Examples of this skill being necessary are prevalent in our society. Presidents have to assign areas of responsibility to managers and the people they are responsible for, an interior design expert has to be able to transform physical areas through tangible organization of items, and road construction crews have to synchronized according to project progression, crew abilities and weather patterns. There are infinite ways that people are asked to organize information on a daily basis.
Bloom’s Taxonomy is a widely recognized hierarchy of thought patterns and thinking skill development. It starts with knowledge, things that can be directly experienced and remembered, then comes comprehension, which is the understanding gained through observations and associations. Next is application. Being asked to use the information gathered in a similar situation. This level is the first that requires a form of adaptation to new or unique circumstances. This can be more challenging than people realize, especially when it is first being developed. Adaptation requires formation of new information based on relational judgment calls. Following application, analysis begins. This is where much of the information organization takes place.

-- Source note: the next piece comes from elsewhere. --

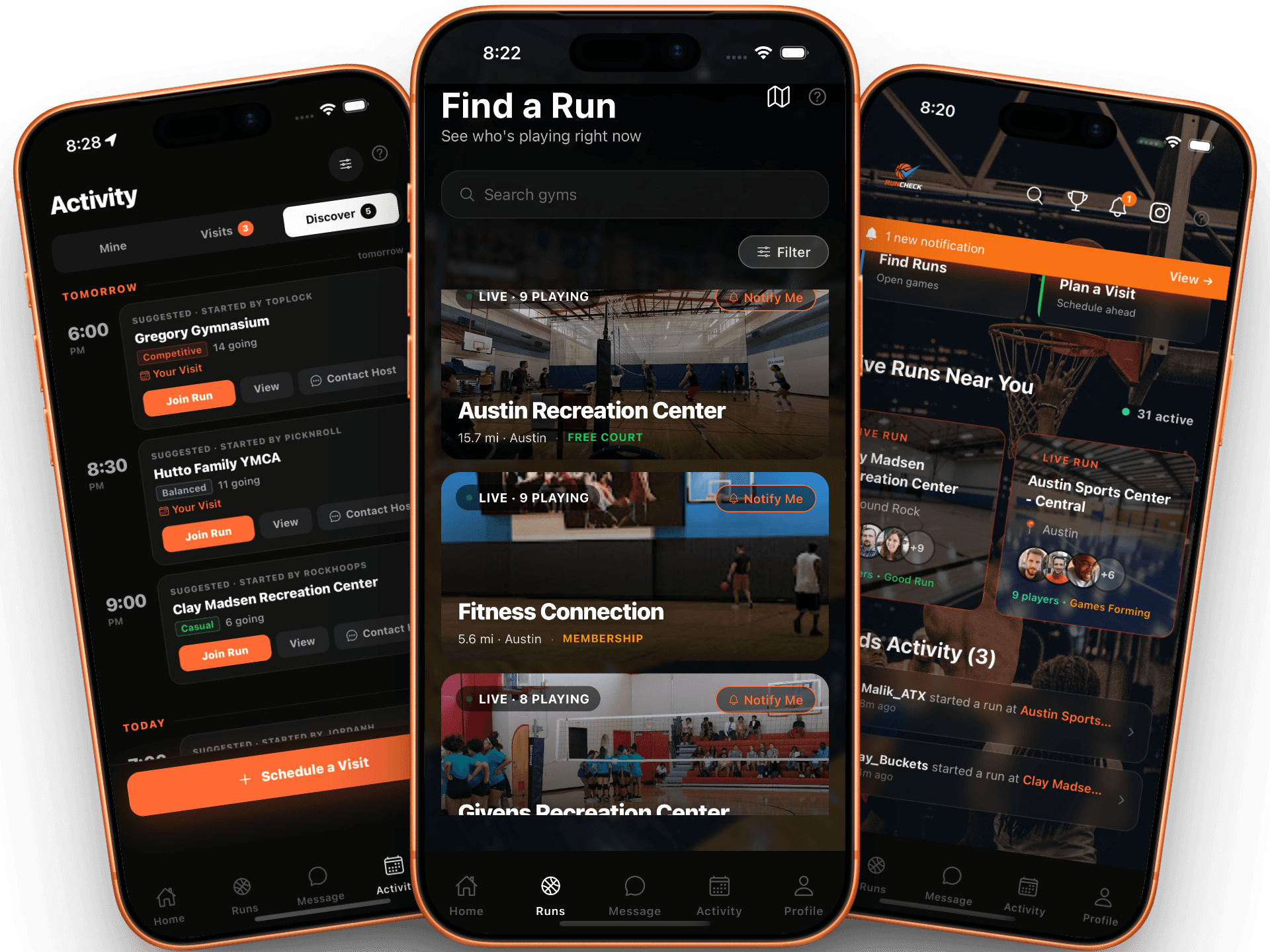 RunCheck app — activity schedule, find a run, and home screens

It is fortunate that a person’s ability to categorize information is not always directly related to their ability to organize a room. A brilliant developer of physical therapy software may work in a mess of an office, yet be able to see the intricacies and relations between various treatments and methods to chart progress. His analytical skills are crucial to creating a physical therapy software program that will be easily understood by other people viewing and using the program. Not only does his software system have to make sense to him, but anyone using it as well.

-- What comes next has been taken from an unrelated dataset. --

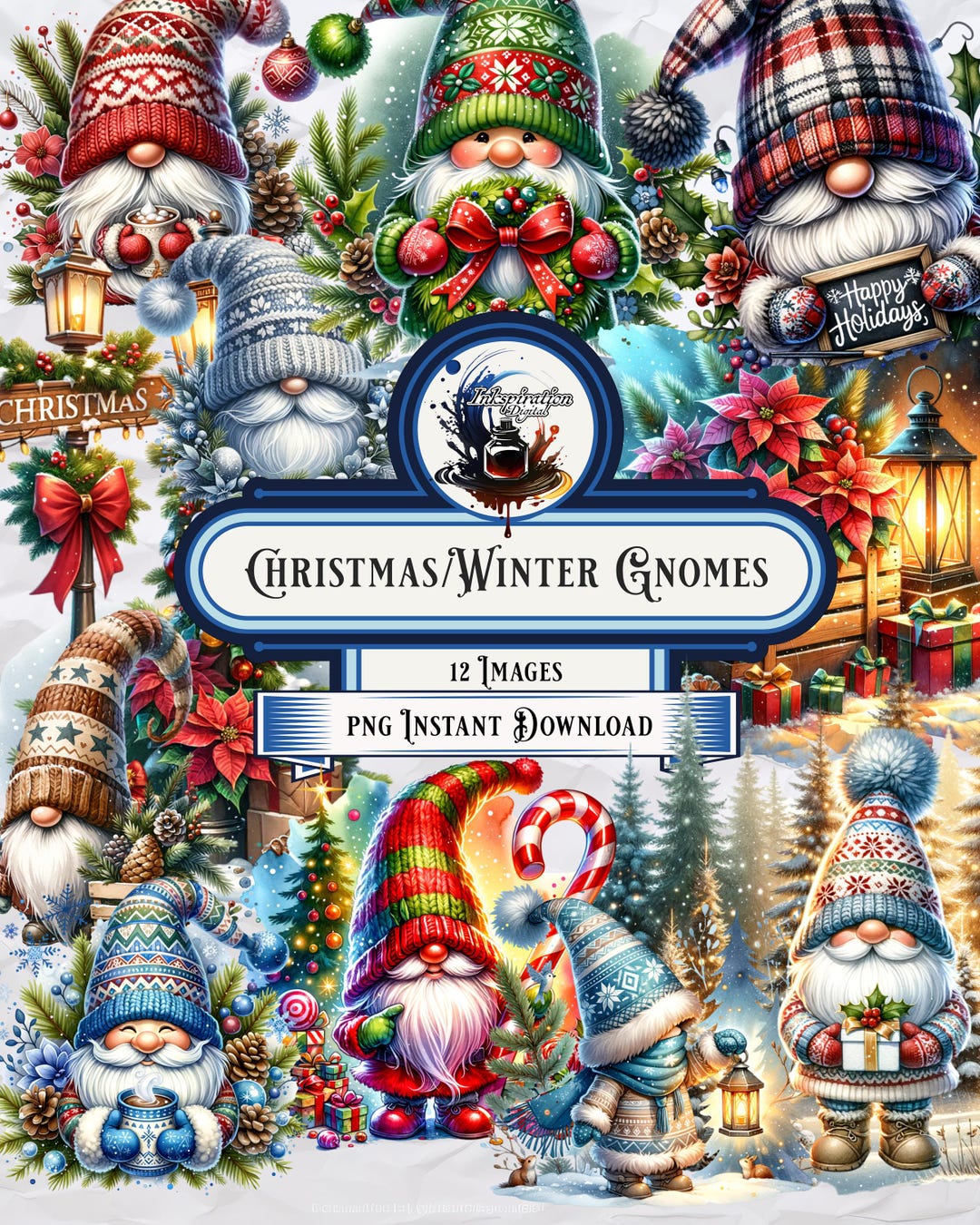Winter Gnome Clipart Bundle, Instant Digital Download, Holiday Clipart ...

A good physical therapy software designer would also have to be proficient in the next level of Bloom’s Taxonomy. Synthesis is taking various ideas that may initially seem unrelated and putting them together to form a new concept. It involves the use of creativity in finding connections and potential uses for portions of the initial ideas. The last item listed, is evaluation. This requires a lot of creativity and assessment to be involved. Looking objectively at your own thoughts can be very difficult. Looking at them with the intent to find flaws and improve their quality requires even more objectivity and recognition of what is effective and what is not. This is a skill that managers, presidents, teachers and almost any employer, desire to see in their staff. If a person is able to evaluate their own decisions and actions, then they will be able to initiate self-improvement much more quickly. To use the example of a physical therapy software designer, if he is able to spot an improvement that needs to be made in the programming, he can fix it immediately. Otherwise, the feedback would generally come from user feedback that gets filtered through managers and back to the designer, which takes a lot more time.